STOCKHOLDER AGREEMENT
Exhibit 99.1
STOCKHOLDER AGREEMENT, dated as of December 22, 2004 (the “Agreement”), between the undersigned holder (the “Holder”) of shares of the common stock, $0.10 par value (the “Company Common Stock”), of SI Technologies, Inc., a Delaware corporation (the “Company”), and Vishay Intertechnology, Inc., a Delaware corporation (“Parent”).
RECITALS
The Company, Parent and SI Acquisition Corp., a Delaware corporation and a direct, wholly owned subsidiary of Parent (“Merger Sub”), propose to enter into an Agreement and Plan of Merger dated the date hereof (the “Merger Agreement”; capitalized terms not otherwise defined herein being used herein as therein defined), pursuant to which Merger Sub would be merged (the “Merger”) with and into the Company, and each outstanding share of Company Common Stock would be converted into the right to receive the Merger Consideration; and
The Holder is the beneficial owner of the number of shares of Company Common Stock and options or rights to acquire shares of Company Common Stock (such Company Common Stock, options, rights and any other securities of the Company hereafter acquired by the Holder, the “Subject Securities”) set forth on the signature page to this Agreement; and
As a condition of its entering into the Merger Agreement, Parent has requested the Holder to agree, and the Holder has agreed, to enter into this Agreement.
AGREEMENT
NOW, THEREFORE, the parties hereto agree as follows:
1. Agreement to Vote Shares. Prior to the Termination Date (as hereinafter defined), at every meeting of the stockholders of the Company called with respect to any of the following, and at every adjournment thereof, and on every action or approval by written consent of the stockholders of the Company with respect to any of the following, the Holder shall vote, or shall cause to be voted, all Subject Securities that are voting securities and that it beneficially owns at the time of any such vote: (i) in favor of adoption of the Merger Agreement and approval of the Merger and any matter necessary to facilitate the Merger and (ii) against (w) approval of any Acquisition Proposal made in opposition to or in competition with the Merger, (x) any merger, consolidation, sale of assets requiring stockholder approval, reorganization or recapitalization of the Company (including, without limitation, an Alternative Transaction) with any person other than Parent or its affiliates, (y) any dissolution, liquidation or winding up of the Company, and (z) any other proposal or transaction that would in any manner impede, frustrate, prevent or nullify, or result in a breach of any covenant, representation or warranty or other agreement or obligation of the Company under or with respect to the Merger Agreement or any of the transactions contemplated thereby (each of the foregoing in this clause (ii) is hereinafter referred to as an “Opposing Proposal”).

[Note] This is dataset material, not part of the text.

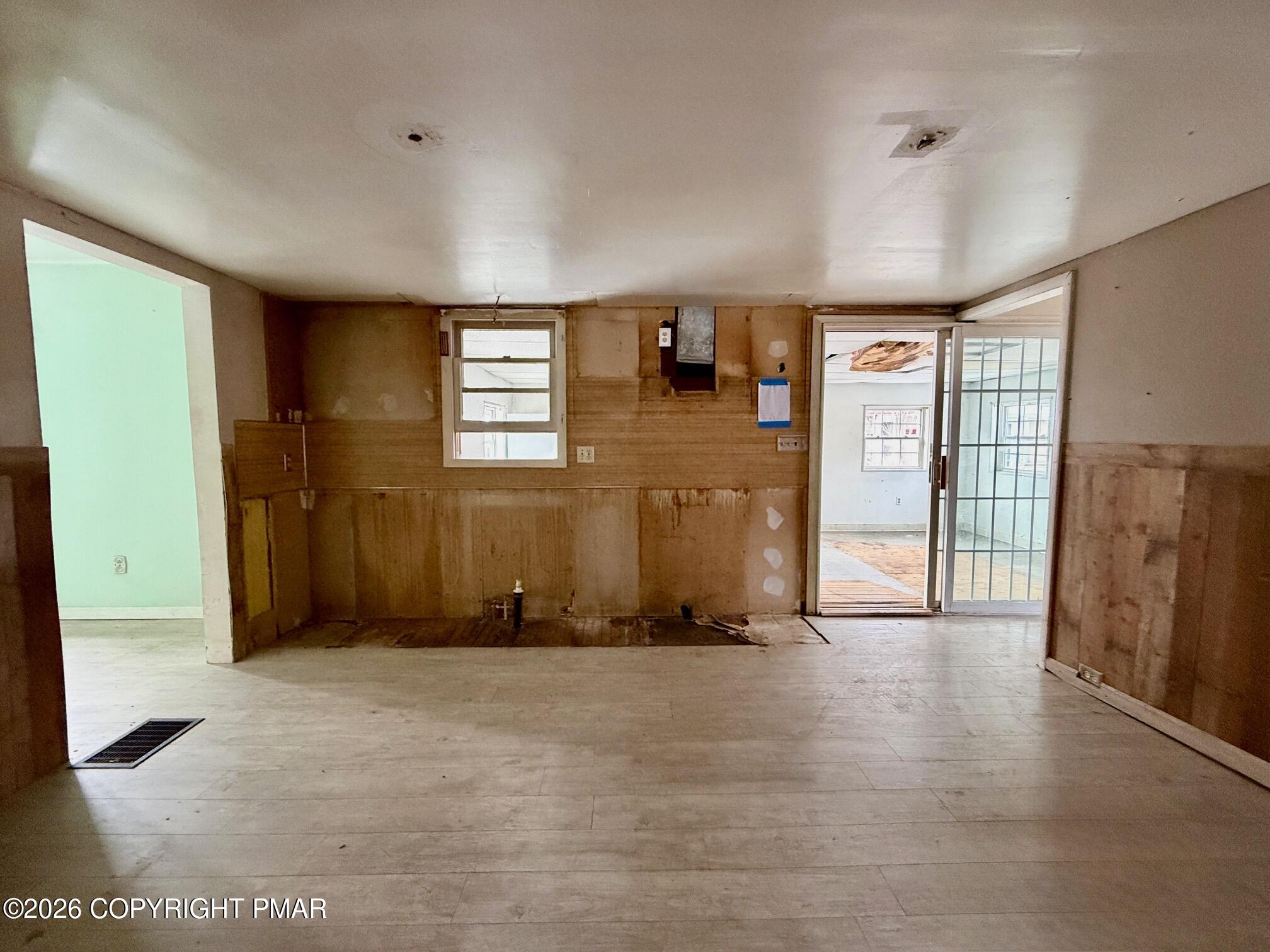 197 Highway 715 Brodheadsville, PA 18322 - Photo 9 of 20 IMG_2601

2. Agreement Not to Solicit. Prior to the Termination Date, the Holder, in Holder’s capacity as a stockholder of the Company, will not, and will not permit any investment banker, attorney or other adviser or representative acting on its behalf or any other entity under its control to, directly or indirectly: (1) solicit proxies or become a “participant” in a “solicitation” (as such terms are defined in Regulation 14A under the Securities Exchange Act of 1934, as amended, and the SEC’s rules and regulations thereunder) with respect to an Opposing Proposal or otherwise encourage or assist any person in taking or planning any action that would constitute an Opposing Proposal; or (2) initiate a stockholders’ vote or action by written consent of the Company’s stockholders with respect to an Opposing Proposal. Notwithstanding the restrictions set forth in this Section 2, the Holder may exercise his fiduciary duties in his capacity as a director or an officer with respect to the Company as opposed to taking action with respect to the direct or indirect ownership of the Subject Securities, and no such exercise of fiduciary duties shall be deemed a breach of, or a violation of the restrictions contained in, this Agreement, provided that such fiduciary duties are exercised in accordance with Section 4.02 of the Merger Agreement.
3. Agreement Not to Transfer Securities. Prior to the Termination Date, the Holder will not (i) under any circumstances, effect any sale, exchange, pledge, disposition or other transfer or encumbrance (a “Sale”) of any of the Subject Securities or any interest therein, or consent to any Sale of the Subject Securities or any interest therein, to or in favor of any person, or enter into any contract, option or other agreement with respect to any such Sale, in each case in connection with an Opposing Proposal, (ii) subject to clause (i) above, effect a Sale of any of the Subject Securities or any interest therein, or consent to any Sale of the Subject Securities or any interest therein, to or in favor of any person, or enter into any contract, option or other agreement with respect to any such Sale, unless, prior to any such Sale or the entering into of any such contract, option or other agreement, such person shall have agreed in a writing, in form and substance reasonably acceptable to Parent, for the benefit of and delivered to Parent, to be bound by all of the provisions of this Agreement applicable to the Holder, (iii) grant any proxy, power-of-attorney or other authorization or consent in or with respect to any of the Subject Securities, (iv) deposit any of the Subject Securities into a voting trust or enter into a voting agreement or arrangement with respect to any of the Subject Securities or (v) take, or refrain from taking, any other action that would in any way restrict, limit or interfere with the performance of the obligations of the Holder under this Agreement.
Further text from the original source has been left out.